Senandung-senandung cinta

Zainur Rifky
Chapter #1

Prolog

“Pak Sarjito. Keluar!” Andi yang dikuasai oleh amarah menggedor rumah itu dengan begitu kasar. Sarjito sendiri yang mendengar Andi yang datang dengan nada tinggi langsung membukakan pintu sambil menahan rasa takut yang selama ini selalu mengintai kehidupannya.

Tanpa aba-aba, setelah pintu itu terbuka Andi menghajarnya secara membabi-buta. Kata-kata pedas juga dia layangkan pada lelaki yang sudah lama akrab dengan dirinya. Dia tak pernah menyangka jika semua yang terjadi dengan mendiang umminya tercinta ada kaitannya dengan lelaki yang satu ini.

“Kau apakan mendiang ummi Hanum? Kenapa kau tega menginjak harkat dan martabat seorang wanita? Semurah itu kah harga seorang wanita dalam pandanganmu?” Sarjito sendiri tak berani melawan. Amarah lelaki muda yang sedang dia hadapi bukanlah amarah yang main-main.

“Andi, tolong hentikan semua ini Sayang! Jangan berbuat seperti ini pada guru kamu sendiri!” Laila sendiri memegang tubuh Andi agar tak terus-menerus untuk menghajar Sarjito yang sepertinya sudah cukup kesakitan dengan apa yang Andi lakukan.

“Aku tidak peduli siapa dia Ummi Laila. Bagaimanapun, mendiang Ummi Hanum harus mendapatkan keadilan.

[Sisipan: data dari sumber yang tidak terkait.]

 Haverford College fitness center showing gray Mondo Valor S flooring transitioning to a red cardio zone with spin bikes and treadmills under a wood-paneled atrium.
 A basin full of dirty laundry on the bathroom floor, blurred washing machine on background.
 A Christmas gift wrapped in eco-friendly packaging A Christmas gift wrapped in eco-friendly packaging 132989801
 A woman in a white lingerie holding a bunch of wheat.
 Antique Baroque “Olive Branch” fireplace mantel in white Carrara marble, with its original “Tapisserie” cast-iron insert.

Gara-gara dia mendiang Umi harus mendapatkan cemoohan yang tidak-tidak. Aku sendiri terus-menerus diberi julukan anak haram. Itu menyakitkan buatku Ummi. Itu semua menyakitkan. Ummi Laila ngerti kan apa yang selama ini aku alami?” Andi sendiri terus meluapkan amarah itu pada Sarjito. Mengingat semua cerita yang diberikan oleh Bahtiar dan Fatimah, dia sendiri menelan kekecewaan berat dan amarah yang menggebu-gebu terkait apa yang terjadi pada dirinya juga mendiang Ummi.

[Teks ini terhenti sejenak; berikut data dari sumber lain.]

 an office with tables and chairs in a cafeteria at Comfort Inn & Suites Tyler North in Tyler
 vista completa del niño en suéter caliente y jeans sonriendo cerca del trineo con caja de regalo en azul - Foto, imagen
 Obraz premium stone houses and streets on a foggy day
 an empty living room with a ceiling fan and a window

“Andi, kau membela almarhumah atau Fina?” Laila sendiri yang terus-menerus mencegah Andi berbuat hal yang tak pantas ini langsung mengeluarkan pertanyaan itu. Sontak Andi sendiri semakin marah dengan pertanyaan yang dilemparkan oleh Laila.

“Apa tyang Ummi Laila tanyakan? Apakah pantas seseorang berbuat keji pada perempuan lalu melemparkan kesalahan itu pada orang lain? Selama ini Paman Bahtiar dianggap melakukan perbuatan keji yang tak pernah dia lakukan. Apakah itu adil untuk kami Umim?” Laila sendiri terdiam dengan apa yang Andi jawab. Dia menyesal sudah melemparkan pertanyaan bodoh pada putra yang tengah mencari keadilan untuk mendiang adiknya sendiri.

“Maafkan Ummi Sayang! Umi tidak pernah ingin meragukan semua kasih sayangmu.” Andi yang amarahnya terus berkobar langsung membanting barang untuk melampiaskan amarah dan kekecewaan itu. Laila sendiri susah-payah untuk menahan Andi. Dia tak mau jika amarah yang ada dalam benak sang putra justru merugikan dirinya sendiri.

Beberapa kaca di ruangan tersebut pecah dan barang berpindah dari tempat asalnya. Ruangan itu menjadi berantakan akibat amarah dan kekecewaan dari Andi sore ini. Andika sendiri langsung mendatangi rumah itu dan membantu sang istri menenangkan Andi yang tengah menghajar Sarjito tanpa ampun.

“Andi, tolong hentikan semua ini Sayang! Abi minta tolong sama kamu Nak, jangan berbuat rusuh di rumah orang! Abi yakin kamu masih mengingat apa yang pernah kami ajarkan selama ini. Minta tolong Nak!” Andika sendiri terus memohon dan berusaha menenangkan Andi. Andi sendiri menangis dan meluapkan semua kecewanya.

“Sekarang aku tanya, apakah mereka berpikir seperti itu ketika martabat almarhumah seenaknya mereka injak? Apakah mereka juga berpikir dengan memfitnah paman Bahtiar mereka bisa selamat dari kejadian ini?”